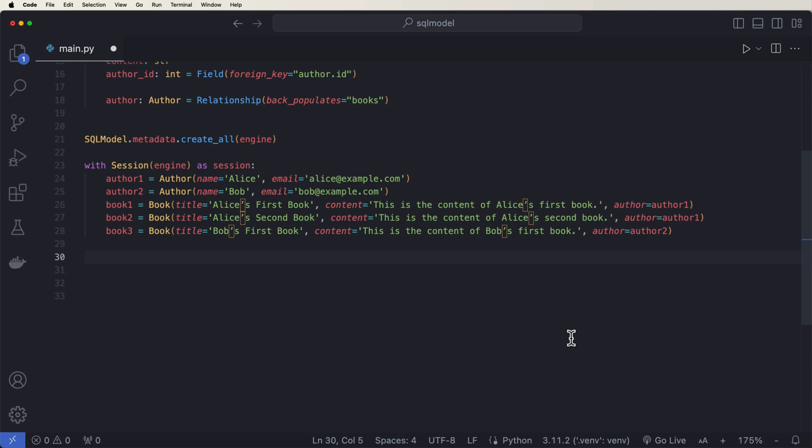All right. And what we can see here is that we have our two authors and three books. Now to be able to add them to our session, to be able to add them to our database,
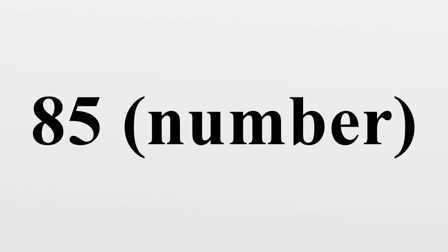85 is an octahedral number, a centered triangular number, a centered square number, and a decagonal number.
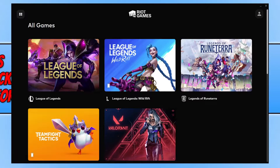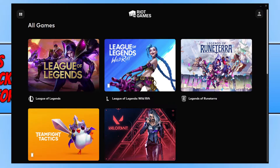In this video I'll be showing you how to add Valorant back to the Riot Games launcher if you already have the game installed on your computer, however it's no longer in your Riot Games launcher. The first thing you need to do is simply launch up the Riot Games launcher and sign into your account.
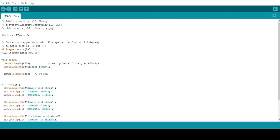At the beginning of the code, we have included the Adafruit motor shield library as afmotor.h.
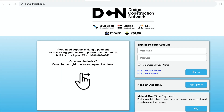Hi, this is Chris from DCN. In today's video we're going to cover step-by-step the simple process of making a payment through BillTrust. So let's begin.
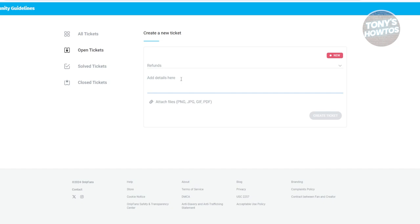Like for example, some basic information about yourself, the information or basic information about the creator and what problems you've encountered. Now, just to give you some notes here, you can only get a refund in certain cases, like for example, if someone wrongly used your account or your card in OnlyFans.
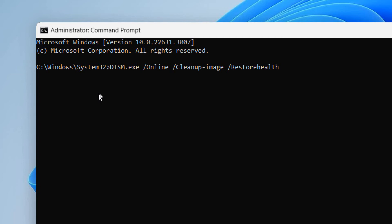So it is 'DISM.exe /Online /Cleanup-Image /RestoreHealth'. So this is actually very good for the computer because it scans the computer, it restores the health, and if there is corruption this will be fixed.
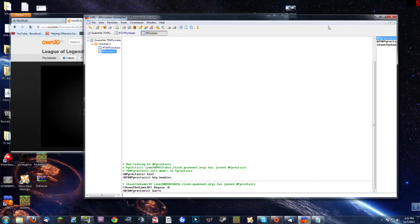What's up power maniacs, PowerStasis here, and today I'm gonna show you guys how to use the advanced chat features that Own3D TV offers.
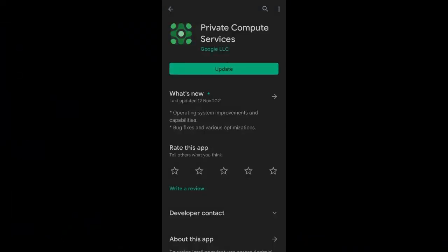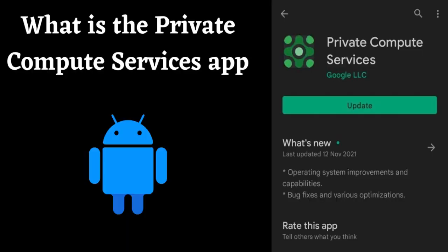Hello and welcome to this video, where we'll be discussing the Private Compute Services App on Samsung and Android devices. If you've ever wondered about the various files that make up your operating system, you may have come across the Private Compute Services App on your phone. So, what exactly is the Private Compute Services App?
□ □ □ □
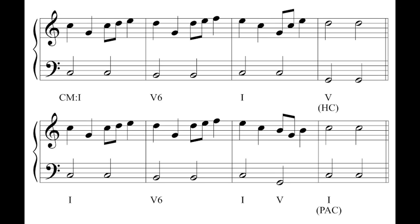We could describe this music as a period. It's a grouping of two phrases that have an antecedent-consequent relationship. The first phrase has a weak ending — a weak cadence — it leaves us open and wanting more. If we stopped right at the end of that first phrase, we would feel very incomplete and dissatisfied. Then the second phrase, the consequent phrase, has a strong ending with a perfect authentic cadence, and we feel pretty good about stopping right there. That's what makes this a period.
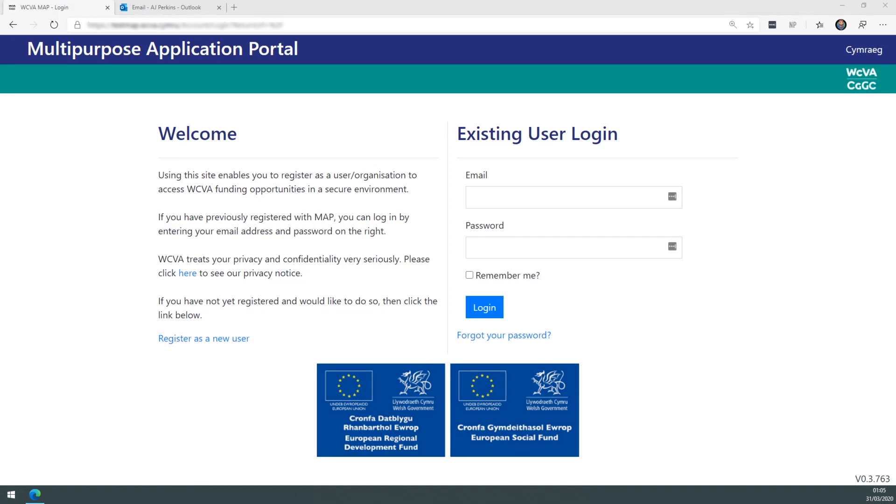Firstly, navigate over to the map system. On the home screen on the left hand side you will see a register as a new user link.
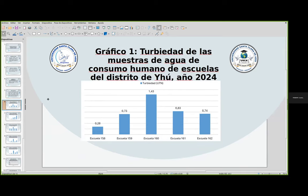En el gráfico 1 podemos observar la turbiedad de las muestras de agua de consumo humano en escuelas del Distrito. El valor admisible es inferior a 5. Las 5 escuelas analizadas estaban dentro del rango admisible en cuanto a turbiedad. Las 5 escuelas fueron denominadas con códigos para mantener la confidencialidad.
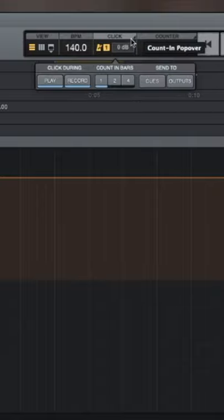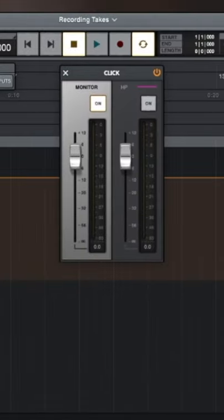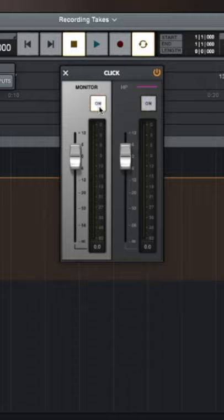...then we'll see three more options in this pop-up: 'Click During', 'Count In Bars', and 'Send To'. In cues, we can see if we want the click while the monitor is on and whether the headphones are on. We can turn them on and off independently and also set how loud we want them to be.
□ □ □ □
Please return the data above exactly as it stands from the line with "In this video" to the line with "What's up power", keeping both of those lines but none of the pictures.

In this video I'll be showing you how to add Valorant back to the Riot Games launcher if you already have the game installed on your computer, however it's no longer in your Riot Games launcher. The first thing you need to do is simply launch up the Riot Games launcher and sign into your account.
At the beginning of the code, we have included the Adafruit motor shield library as afmotor.h.
Hi, this is Chris from DCN. In today's video we're going to cover step-by-step the simple process of making a payment through BillTrust. So let's begin.
Like for example, some basic information about yourself, the information or basic information about the creator and what problems you've encountered. Now, just to give you some notes here, you can only get a refund in certain cases, like for example, if someone wrongly used your account or your card in OnlyFans.
So it is 'DISM.exe /Online /Cleanup-Image /RestoreHealth'. So this is actually very good for the computer because it scans the computer, it restores the health, and if there is corruption this will be fixed.
What's up power maniacs, PowerStasis here, and today I'm gonna show you guys how to use the advanced chat features that Own3D TV offers.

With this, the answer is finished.